I used to pick up hitch hikers in my twenties. I remember sitting down for coffee at a downtown Subway restaurant with a homeless guy, listening to stories about his broken family. I picked up a woman on I-25 who was gypsy-like, and believe it or not, lived in my same apartment complex! And I used to hitch hike to work when I lived on Martha's Vineyard, as I did not have a car on the island. And recently, on my way to Nova Scotia, I decided to share parts of my life with a woman sitting next to me, waiting for our plane. And then she pointed to the ring that she was wearing and said that it was for her son who died when he was five months in the womb. Taking risks often brings us closer. And we each need to take the risks that feel somewhat comfortable to us. I do not advocate stepping out of your box so much that you lose that deep sense of safety inside. To lose it a little and find a new part of yourself is life giving. To lose it entirely freezes us up and turns us into statues. 

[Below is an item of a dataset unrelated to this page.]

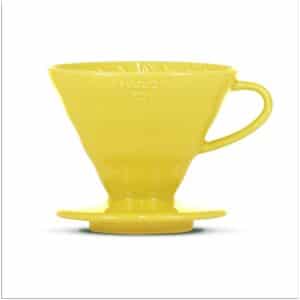 Hario V60 Kaffebrygger Glass 02 Gul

So, my family as a whole decided to be a little risky and join the Couch Surfing tribe. When I traveled to Halifax, I stayed with a woman, professor in her mid-40s and her little dog Bijou. I arrived very late on a Wednesday and she made me butternut squash soup, gluten free! We shared some great massaman curry at the local Thai restaurant and I learned that we both love good cheese. And she introduced me to some great rice crackers. A month or so ago, we hosted a young woman in her mid-20s from Taiwan. She teaches piano, and hiked up the incline ( a straight up hill hike that takes a little under two hours for those of us who struggle) with ease. She told us about how hard people work in Taiwan and that some children stay in an after school program until ten o'clock at night, while their parents work . She pulled up a map on Google and taught us about the geography of Taiwan, and the differences between the north and the south. She said she eats vegetables for breakfast and ate a homemade chocolate chip cookie for the first time in our house!

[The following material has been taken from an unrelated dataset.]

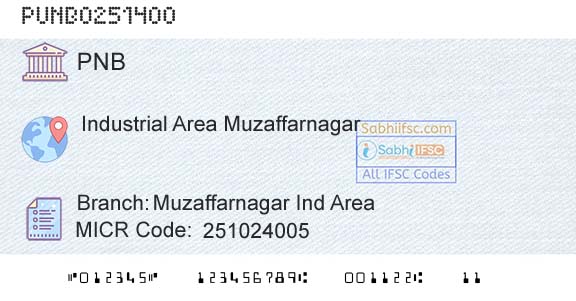 Punjab National Bank Muzaffarnagar Ind Area Branch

Nobody stole my children or my laptop. We never got hurt. And we are about to head around the world in January and plan to couch surf in these different countries. I know, the media in this country would frown on this sort of thing, even call me naive. I know people get hurt by strangers; rarely is it random, but sometimes. But for the most part, I am starting to experience that strangers are just friends we don't know. Inviting them into my home, and being invited into theirs, is an act of hospitality. We welcome in the unfamiliar, and we are exposed to newness. Welcoming the stranger teaches us how to trust, and as a result, our relationship to ourselves and  to the world changes. Do you take risks, large or small? We are all invited to the party of life and to engage it fully, however that looks for each one of us. It could look like asking that question that you are afraid to ask. Taking that trip that you think you shouldn't take. Or running that marathon you thought you could never do. Or just wearing that pair of red heels you have always wanted to wear. A month ago, I ate some great sesame rice crackers I had never tasted before. In August, we introduced someone to their first chocolate chip cookie. All of these experiences have made life more interesting, and me, more whole. A friend recently said to me, "Life begins at the edge of my comfort zone." Where is that edge for you? And, honor yourself for the times you live on it.